287 00:33:27.060 00:33:38.290 Michael Thorson: Yep, and that’s… yeah, it’s just kind of general, that’s not really, like, a feedback on any quality of work. I think it’s just, like, let’s keep improving, and I think we’ll just be able to, you know, work well as a team together. Even better.

288 00:33:38.290 00:33:38.820 Demilade Agboola: market.

289 00:33:38.980 00:33:41.399 Demilade Agboola: Art sounds good, Ben.

290 00:33:42.060 00:33:48.160 Demilade Agboola: Yeah, other than that, I don’t have any other thing from my side.
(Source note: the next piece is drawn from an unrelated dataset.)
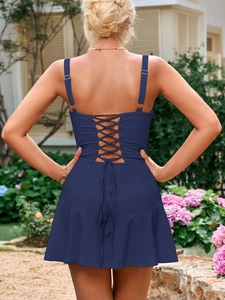Detail of the navy blue dress featuring a lace-up back design and adjustable straps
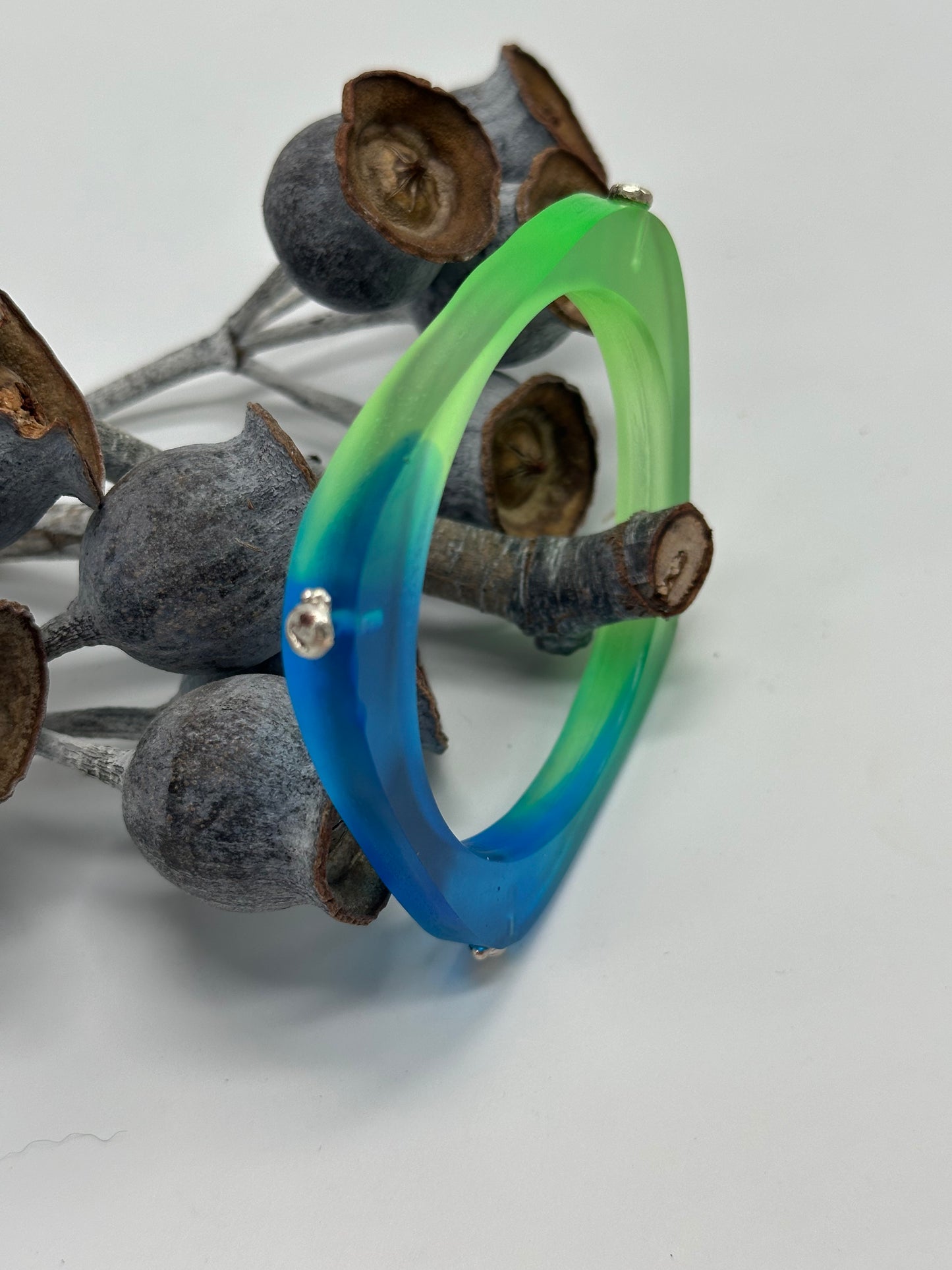 Two toned 'square round' blue/green bangle with silver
I don’t know if either of you do.

291 00:33:51.060 00:33:51.920 Michael Thorson: All good.

292 00:33:52.250 00:33:52.750 Demilade Agboola: Okay.

293 00:33:52.750 00:33:53.430 Mary Burke: Great.

294 00:33:53.430 00:33:54.340 Demilade Agboola: Alright, then.

295 00:33:54.440 00:34:01.550 Demilade Agboola: Mary, I’ll probably reach out to you early next week, just so I can have a conversation with you, just about, like.

296 00:34:01.980 00:34:05.500 Demilade Agboola: The project as a whole, and just, like, what next steps look like as well.

297 00:34:06.320 00:34:07.239 Mary Burke: Okay, sounds good.

298 00:34:07.240 00:34:08.010 Demilade Agboola: Alright, then.

299 00:34:08.730 00:34:10.070 Mary Burke: Alright, thanks, Demi.

300 00:34:10.070 00:34:11.570 Demilade Agboola: Alright, have a good weekend, everyone.

301 00:34:12.130 00:34:12.480 Mary Burke: Me too.

302 00:34:12.830 00:34:13.420 Demilade Agboola: Bye.